Alhamdulillah waktu tahun 2022 sempat mengikuti kelas Muslimah yang salah satu kajiannya membahas masalah tersebut, disampaikan oleh Ustadzah Aini Aryani, Lc. Beliau merupakan lulusan dari IIUI Islamabad Pakistan dan menjadi bagian dari Rumah Fiqih Indonesia. Ya, di sini adalah awal dari menemukan jawaban tersebut, apakah wanita hamil dan menyusui harus membayar hutang puasa? Saat itu pun ternyata juga banyak yang bertanya dengan pertanyaan serupa, mengingat pemahaman sebelumnya sama seperti saya, yaitu cukup membayar fidyah. Bagaimana yang anaknya banyak? Tiap tahun hamil atau menyusui sementara anak-anak juga sudah besar? Hutangnya banyak dan sudah lupa berapa banyak hutangnya. Sebagaimana puasa Ramadan adalah kewajiban, maka tetap ada kewajiban untuk mengganti. Jika lupa, diperkirakan misalnya, saat anak pertama tidak puasa sama sekali saat Ramadan maka hutangnya adalah 30 hari, dst.

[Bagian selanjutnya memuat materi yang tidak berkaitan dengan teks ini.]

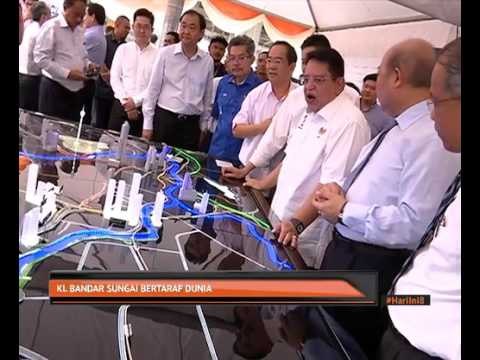KL bandar sungai bertaraf dunia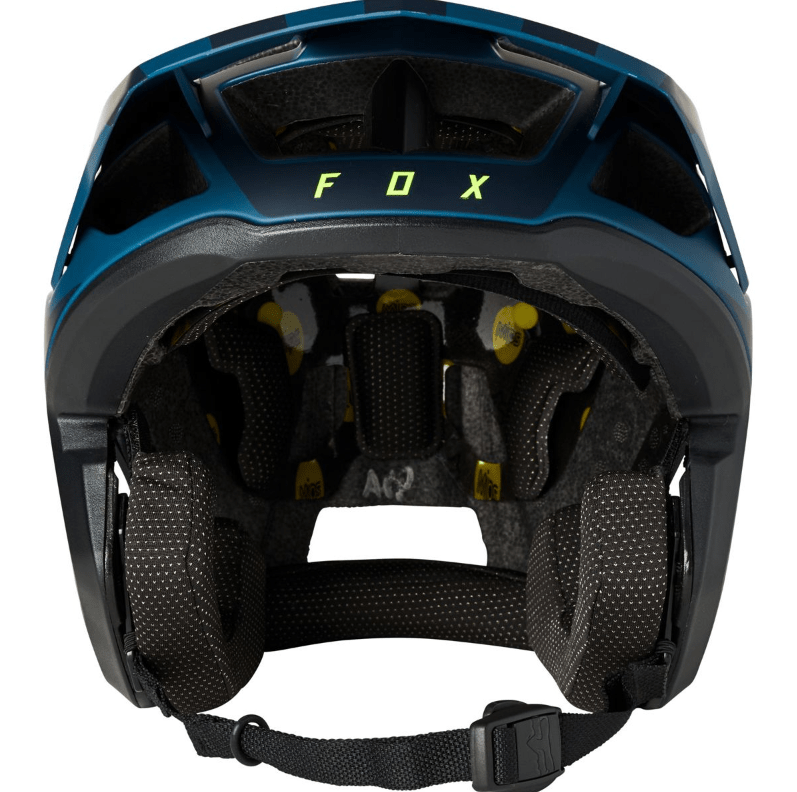 CASCO FOX DROPFRAME AZUL TALLA L3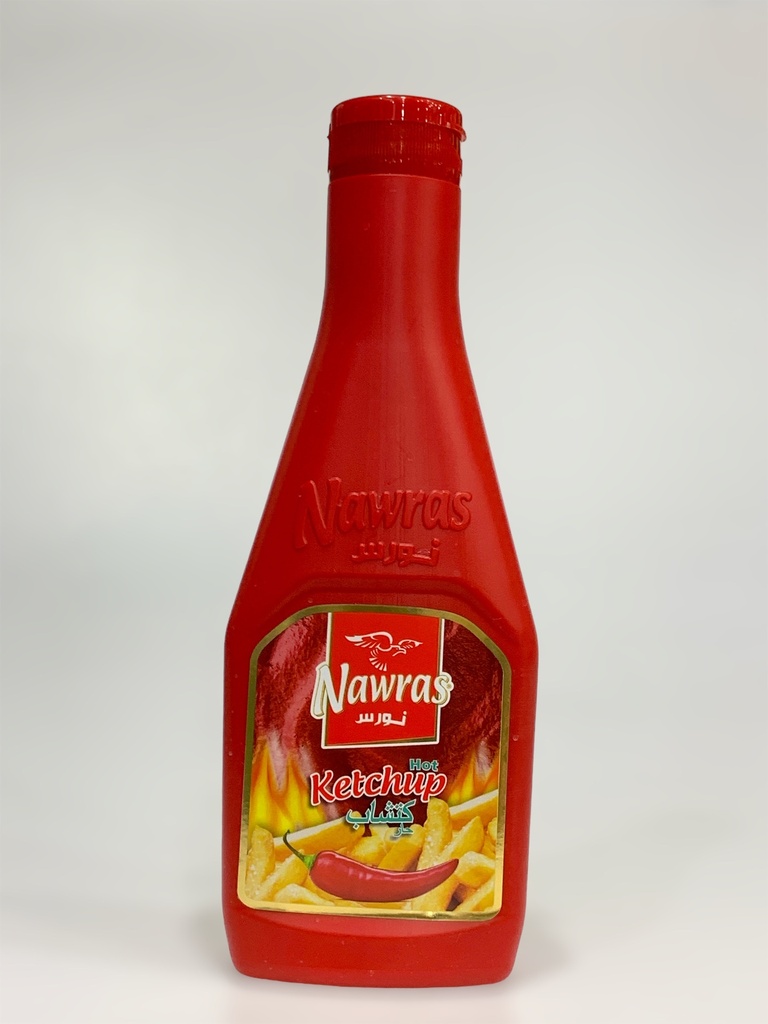 Nawras Hot Ketchup 475g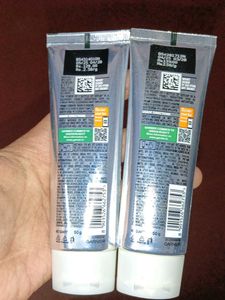 Garnier Vitamin C Serum Cleanser (2 Tubes)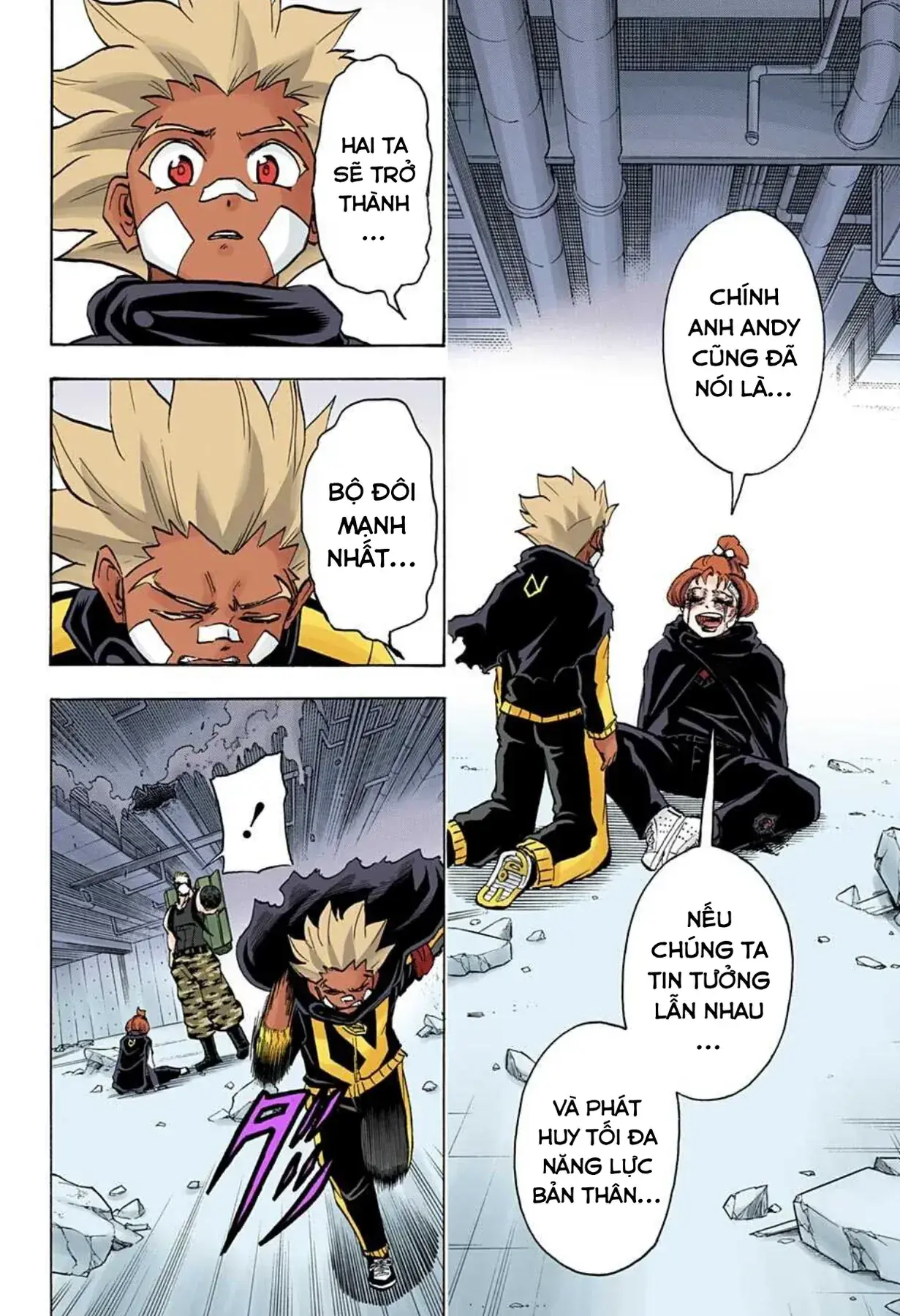 Undead Unluck Có Màu Chapter 76 - Trang 15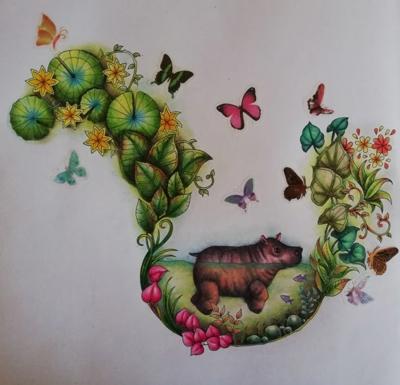 Работа от Irina_coloring_hobby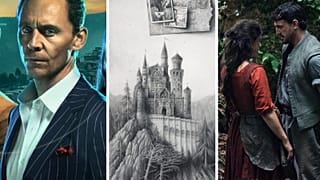 'The Night Manager' - Neuschwanstein/Letter, 2025 by Sverre Malling - 'Hamnet'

Jika anaknya 4 dan selama itu tidak puasa Ramadan sama sekali, berarti hutang puasanya 30 x 4 = 120 hari. Dalam setahun ada 365 hari dipotong halangan untuk wanita (misalnya halangan dalam satu bulan 7 hari), maka 365 – 84 = 281 hari. Jadi masih ada sisa 161 hari dari setahun untuk membayar puasa. Semua hal tersebut dilakukan jika dalam keadaan mampu (tidak sakit) dan masih belum di usia renta (yang ada keringanan untuk tidak berpuasa).

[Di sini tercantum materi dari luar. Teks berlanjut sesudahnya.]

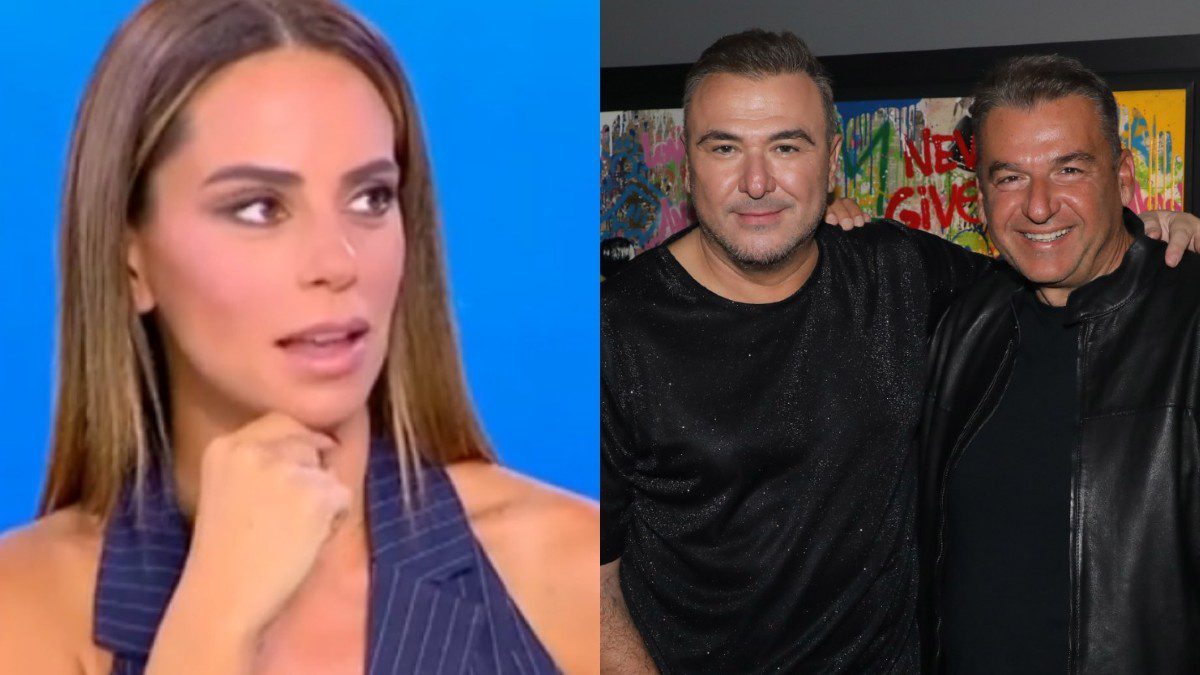 Η Μαρία Αντωνά μιλά για τον Γιώργο Λιάγκα και τον Αντώνη Ρέμο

“Dan wajib bagi orang-orang yang berat menjalankan puasa (jika mereka tidak berpuasa) membayar fidyah, (yaitu): memberi makan satu orang miskin (bagi satu hari yang ditinggalkan). Barangsiapa yang dengan kerelaan hati mengerjakan kebajikan, maka Itulah yang lebih baik baginya. Dan berpuasa lebih baik bagimu jika kamu mengetahui.” (QS. Al Baqarah: 184)

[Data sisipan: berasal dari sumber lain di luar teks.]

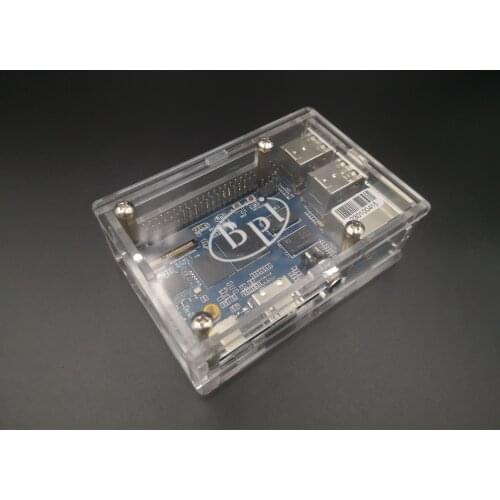 BPI M4 Acrylic case Banana Pi Board Good quality Acrylic Clear Case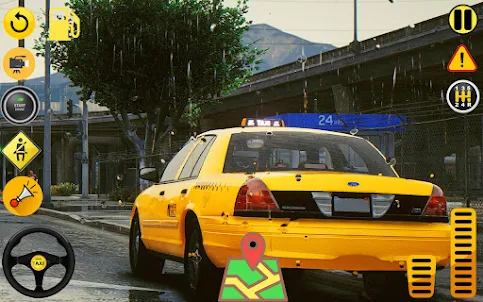 Taxi Game: Taxi Driving Game
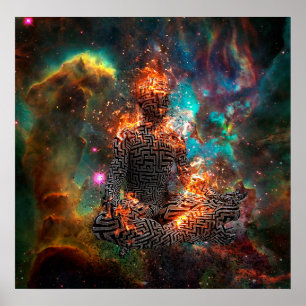宇宙の黙想 ポスター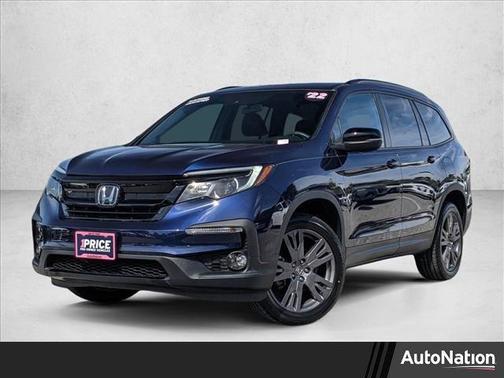2022 Honda Pilot AWD Sport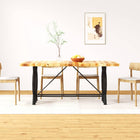 Table À Manger Bois De Récupération Massif 180 Cm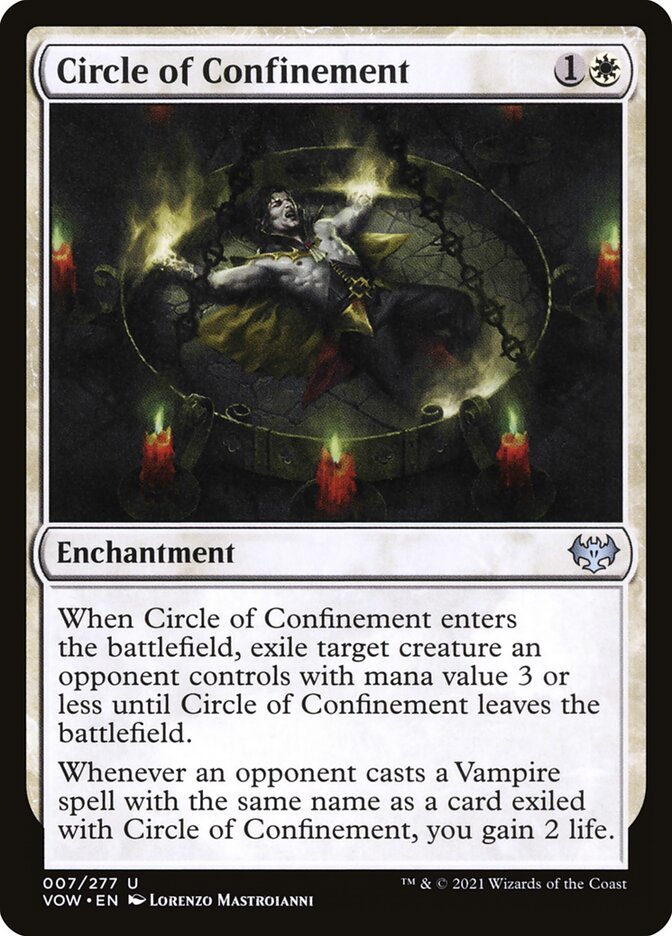 Circle of Confinement · Innistrad: Crimson Vow (VOW) #7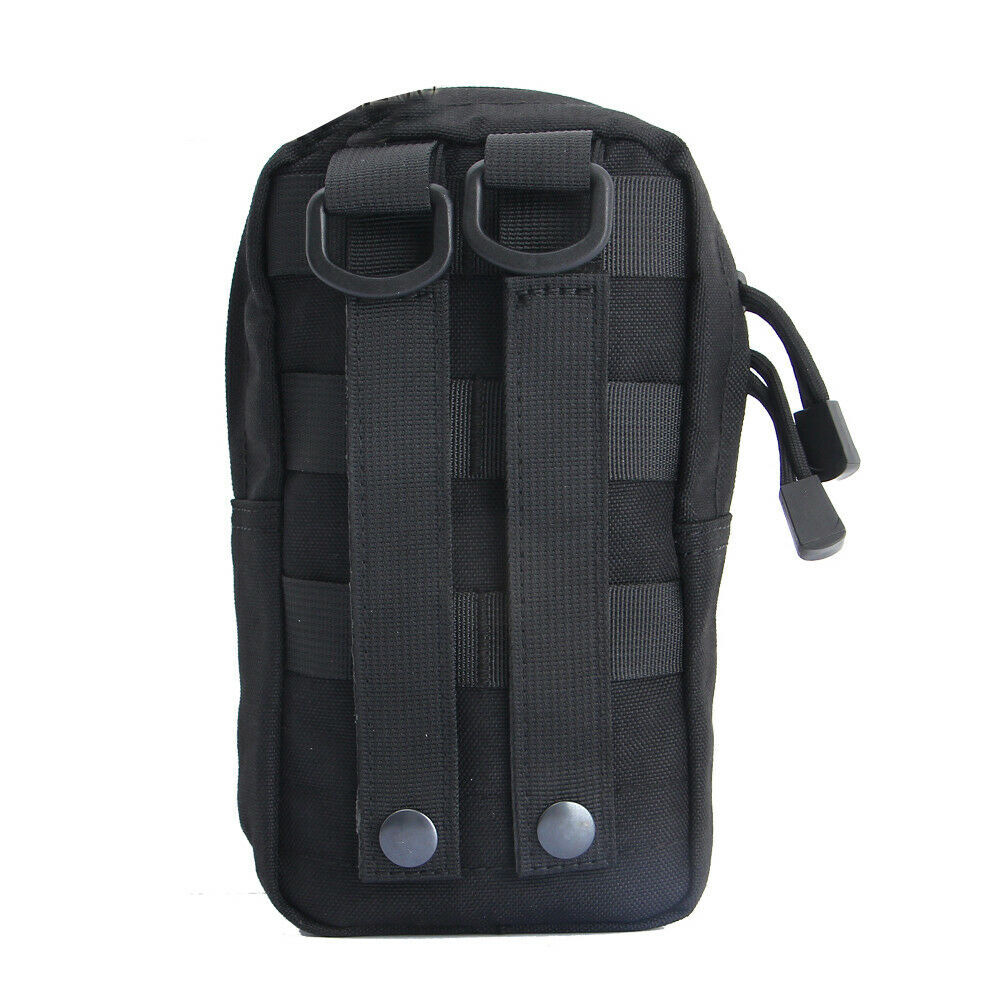 Tactical Molle EDC Pouch Utility Hanging Waist Bag Outdoor Vest Backpack Hunting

Allah Ta’ala telah menjadikan fidyah sebagai pengganti puasa di awal-awal diwajibkannya puasa, yaitu ketika manusia punya pilihan untuk menunaikan fidyah (memberi makan) dan berpuasa. Kemudian setelah itu, mereka diperintahkan untuk berpuasa saja.[Majmu’ Fatawa wa Rosail Ibni ‘Utsaimin, 17/121-122, Asy Syamilah]
***
Fatwa ini menjelaskan bahwa asalnya kewajiban wanita hamil dan menyusui ketika mereka tidak berpuasa adalah mengqodho’ puasa di hari lainnya (di saat mereka kuat untuk berpuasa). Namun jika keadaan mereka tidak mampu lagi menunaikan qodho’ puasa, maka diganti fidyah sebagaimana halnya orang yang sudah di usia senja dan tidak mampu lagi berpuasa. Dari sini penjelasan beliau rahimahullah di atas, menunjukkan bahwa kurang tepatnya sebagian orang yang mengeluarkan fidyah langsung padahal ia masih mampu mengqodho’ di hari lainnya.
Sumber https://rumaysho.com/1207-apakah-wanita-hamil-dan-menyusui-cukup-fidyah-tanpa-qodho.html
Wallahu a’lam. Semoga Allah berikan keberkahan waktu dan tenaga untuk menggapai Ramadan sebaik-baiknya. Semoga dipertemukan dengan bulan suci ini dalam kualitas terbaik. Aamiin.